The loch level was low and the north western end protruding towards Kinloch Hourn was largely dry. I trudged round and then over the promontory below Sron Lice na Fearna to get on to the north shore of the western arm of the loch, heading for Gleann Cosaidh and the ridge of Meall an Spardain at the east end of the long ridge of Druim Chosaidh that leads to the Corbett Sgurr a’ Choire-bheithe. There were grand views across the loch to Sgurr Mor and down towards the sublime peak of Sgurr na Ciche, a favourite of mine. I had no idea how the going would be along the loch but there is a small and persistent path above the eroded shoreline that really helped.

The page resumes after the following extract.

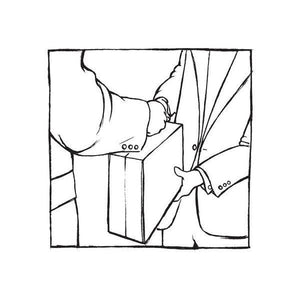 Pedro The Lion - Winners Never Quit (Clear Vinyl) - Good Records To Go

Interactive map of the route and photos; all the Munros and Corbetts of the Lochalsh and Knoydart areas, and the rest of my photos from this area.

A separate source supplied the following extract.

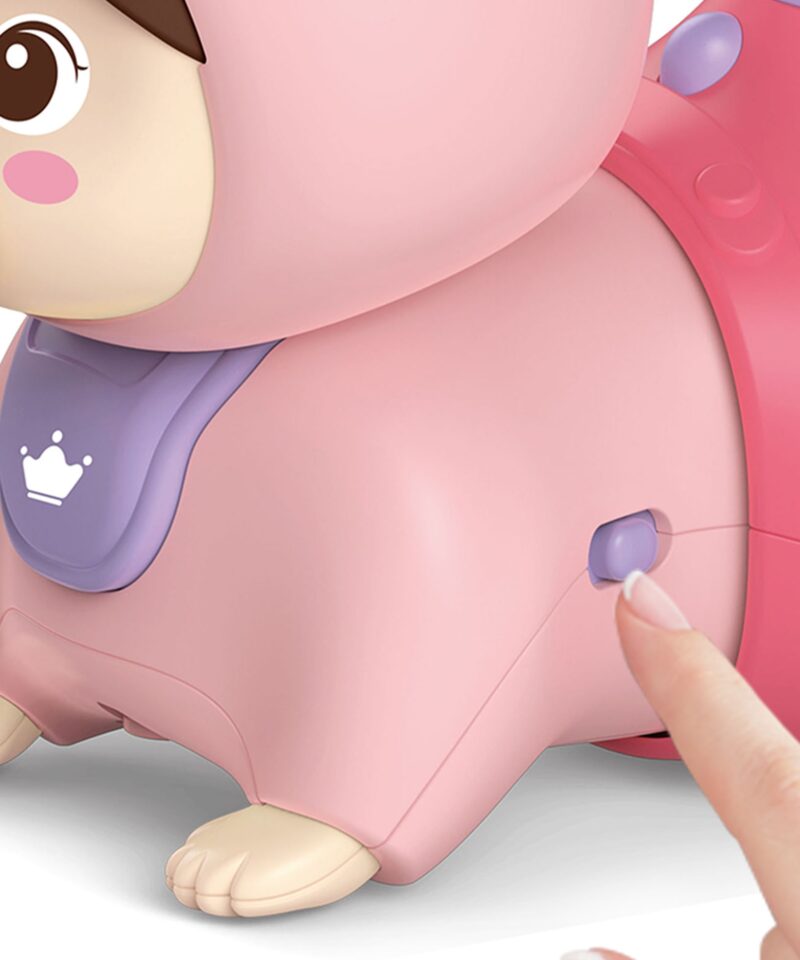 Ohutu ja vastupidav beebinukk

Important note: Routes on this map are provided as an indication only in good faith. They are approximate and indicative and should not be relied on for navigation or as a guarantee that any specific person will be capable of completing them. Hill information adapted from The Database of British and Irish Hills (DoBIH) under CC BY 4.0
I stopped for a good drink and full top up of water at the Abhainn Chosaidh thinking that this would be the last readily available water until the next day, given that I planned to spend the evening traversing the Druim Chosaidh ridge and bivvy close to the summit of Sgurr a’ Choire-bheithe. Climbing up on to Meall an Spardain, outcrops of highly metamorphosed rock soon emerged and the terrain become increasingly rugged.
I’d like to think I’m no stranger to remote, rocky, rugged terrain, but by the time I reached the top of Sgurr Airigh na Beinne, four kilometres along the ridge, I was quite awe struck by the magnificent landscape and Druim Chosaidh ridge that was making me work hard for progress. The scene became ever more dramatic with the sun slowly descending beyond Sgurr a’ Choire-bheithe at the end of the ridge and the various twists, turns and undulations of the ridge emerging.

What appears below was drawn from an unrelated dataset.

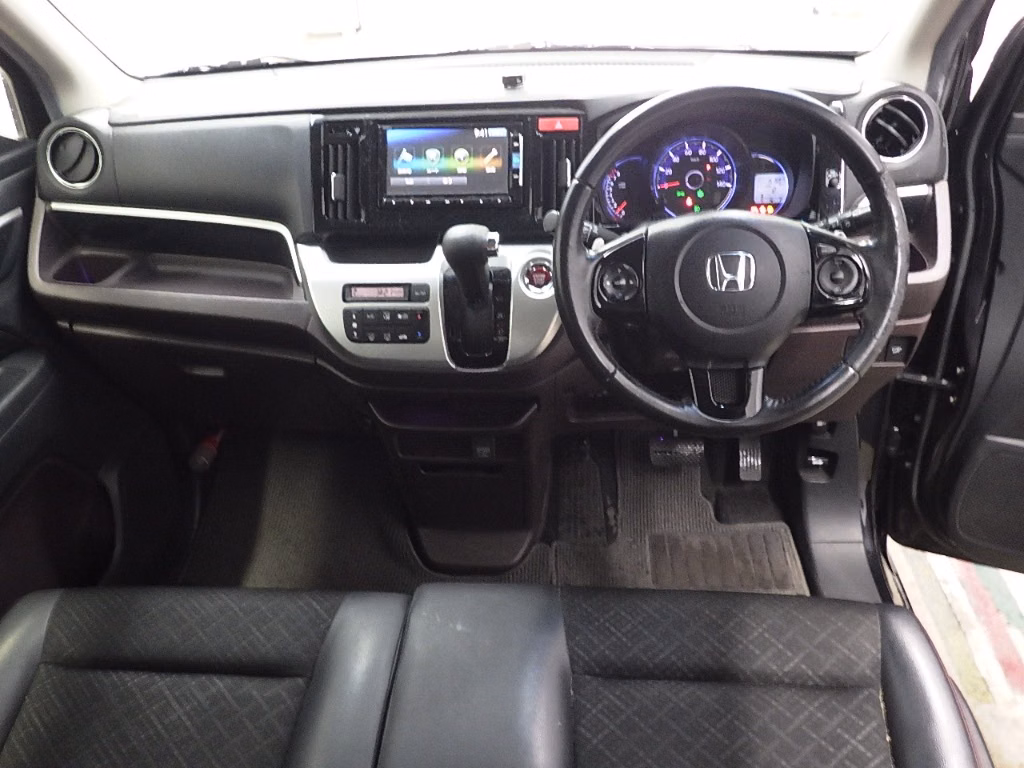 HONDA N-WGN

From Sgurr Airigh na Beinne there are a further four kilometres of incredibly rough terrain to reach the summit of Sgurr a’ Choire-bheithe. There are no big drops in elevation, but several smaller ones with reclimbs longer than the drops as height is gained. Towards Sgurr a’ Choire-bheithe there are two prominent subsidiary tops that look quite spectacular from a distance and offer the possibility of a little scrambling if taken direct. I’m afraid I didn’t on this occasion as time and energy were fading.
The timing of arrival on the summit of Sgurr a’ Choire-bheithe was good as the sun was sinking towards southern Skye and the Sound of Sleat with mighty Ladhar Bheinn, Barrisdale and Loch Hourn in the foreground. A cracking vista to compare with any and a privilege to witness.